White Arrows sophomore album In Bardo finally gets a UK release date having already been released late last year in the US. As opener Want a Taste pounds its way from my speakers, stabs of digital distortion accompany the introduction of bandleader Mickey Church’s vocal. This sparse track provides a beautiful introduction to White Arrows brand of off kilter dance pop.
As the darkness lifts its replaced with the uplifting tones of We Can’t Ever Die, a track that is reminiscent of early MGMT and Empire Of The Sun. It’s easy to understand why White Arrows are being tipped for greatness, with tracks like this that will inevitably easily penetrate the public zeitgeist very easily its almost a forgone conclusion.
Yet the album does not flow, there are significant flashes of brilliance especially those seen in Can’t Stop Now. Where Mickey Church and his band produce what can only be described as a beautifully epic track, with its sparse guitar and heavily reverbed vocals. Yet it breaks into this sprawling mass of sound, before shrinking back into its previously sparse state.
Yet at the opposite end of the spectrum, Scream lacks the substance of other tracks on the album, the track feels very flat. There’s very little to it and it doesn’t hold the attention, there is nothing significant to cling on to, the resultant effect being the track turns into background noise.
The album fluctuates throughout and the next track sees White Arrows finding their groove again. Leave it Alone is another distorted edgy, interesting track, there’s pace and excitement to it the thicker guitars help to push the track along and it holds your attention a little more.
Yet the album seems to resurrect itself, as the band begin to channel the early sounds of Passion Pit. Maybe it was a mid album lull but the fluctuations do detract somewhat from the great tracks; Chill Winston though is an uncharacteristically dark track. As they chant “Suffering Suffering”, it’s unnerving in comparison to the upbeat tracks that precede it.

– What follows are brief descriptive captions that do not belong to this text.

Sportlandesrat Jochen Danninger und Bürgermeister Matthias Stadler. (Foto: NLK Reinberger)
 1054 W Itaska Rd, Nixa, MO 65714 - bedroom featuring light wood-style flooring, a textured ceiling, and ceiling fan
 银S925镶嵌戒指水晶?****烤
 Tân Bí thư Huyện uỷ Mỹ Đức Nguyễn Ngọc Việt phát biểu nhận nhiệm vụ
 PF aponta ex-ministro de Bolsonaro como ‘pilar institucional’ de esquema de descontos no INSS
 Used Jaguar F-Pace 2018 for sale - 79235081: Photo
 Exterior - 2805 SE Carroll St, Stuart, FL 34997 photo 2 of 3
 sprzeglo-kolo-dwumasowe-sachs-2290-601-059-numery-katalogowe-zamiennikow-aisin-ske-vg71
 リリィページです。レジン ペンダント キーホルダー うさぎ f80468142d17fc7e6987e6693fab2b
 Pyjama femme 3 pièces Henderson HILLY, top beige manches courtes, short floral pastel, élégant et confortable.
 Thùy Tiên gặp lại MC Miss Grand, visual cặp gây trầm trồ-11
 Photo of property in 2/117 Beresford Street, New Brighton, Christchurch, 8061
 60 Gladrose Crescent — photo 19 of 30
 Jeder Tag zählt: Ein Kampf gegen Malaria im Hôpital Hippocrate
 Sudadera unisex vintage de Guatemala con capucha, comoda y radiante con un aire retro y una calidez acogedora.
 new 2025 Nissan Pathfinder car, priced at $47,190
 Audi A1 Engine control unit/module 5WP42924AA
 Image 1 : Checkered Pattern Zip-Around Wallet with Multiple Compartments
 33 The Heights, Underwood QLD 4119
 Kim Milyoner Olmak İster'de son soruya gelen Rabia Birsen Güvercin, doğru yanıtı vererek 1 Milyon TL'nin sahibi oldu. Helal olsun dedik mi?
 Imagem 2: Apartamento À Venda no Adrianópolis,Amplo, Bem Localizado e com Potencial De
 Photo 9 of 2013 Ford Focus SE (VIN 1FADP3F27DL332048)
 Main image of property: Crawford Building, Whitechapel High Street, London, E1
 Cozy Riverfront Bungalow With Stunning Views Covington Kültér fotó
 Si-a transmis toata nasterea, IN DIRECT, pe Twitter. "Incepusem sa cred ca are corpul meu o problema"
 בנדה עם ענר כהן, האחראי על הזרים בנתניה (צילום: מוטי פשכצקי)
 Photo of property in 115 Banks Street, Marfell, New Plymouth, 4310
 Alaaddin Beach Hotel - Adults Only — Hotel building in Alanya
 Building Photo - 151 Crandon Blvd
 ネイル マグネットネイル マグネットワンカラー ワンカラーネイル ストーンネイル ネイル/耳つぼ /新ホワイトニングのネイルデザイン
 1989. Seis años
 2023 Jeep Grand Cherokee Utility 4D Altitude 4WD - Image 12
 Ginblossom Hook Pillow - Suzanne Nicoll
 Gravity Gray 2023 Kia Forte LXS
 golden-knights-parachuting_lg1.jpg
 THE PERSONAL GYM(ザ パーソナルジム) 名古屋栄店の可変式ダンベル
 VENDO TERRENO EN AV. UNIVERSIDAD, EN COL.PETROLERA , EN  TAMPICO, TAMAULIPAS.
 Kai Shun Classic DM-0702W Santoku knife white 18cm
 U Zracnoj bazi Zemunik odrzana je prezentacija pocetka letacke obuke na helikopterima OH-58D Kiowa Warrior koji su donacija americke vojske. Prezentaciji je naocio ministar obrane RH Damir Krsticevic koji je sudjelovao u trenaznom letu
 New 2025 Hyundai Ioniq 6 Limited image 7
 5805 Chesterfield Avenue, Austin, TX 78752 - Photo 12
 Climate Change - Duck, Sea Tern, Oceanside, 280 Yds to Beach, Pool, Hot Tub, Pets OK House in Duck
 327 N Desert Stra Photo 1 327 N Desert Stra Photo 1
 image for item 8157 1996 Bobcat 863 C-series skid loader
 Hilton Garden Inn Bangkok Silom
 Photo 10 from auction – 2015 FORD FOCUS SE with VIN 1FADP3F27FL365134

As the album reaches its culmination, the darker themes continue with the first of two-part track God Alert. It is like an acid trip as layers of instrumentation sporadically drop in and out, all whilst. The second you’re transported back to the eighties as the air fills twinkling synths and vocoder style vocals; these two tracks sum up the fluctuations in the album rather well.
This is a difficult album to get your head around, at times its brilliant pop music at others it amounts to little more than background noise. There are flashes of exquisite potential but those are tinged with uncertainty of what’s to come, yet it is still no surprise that these guys are tipped to be big as when they get it right its brilliant.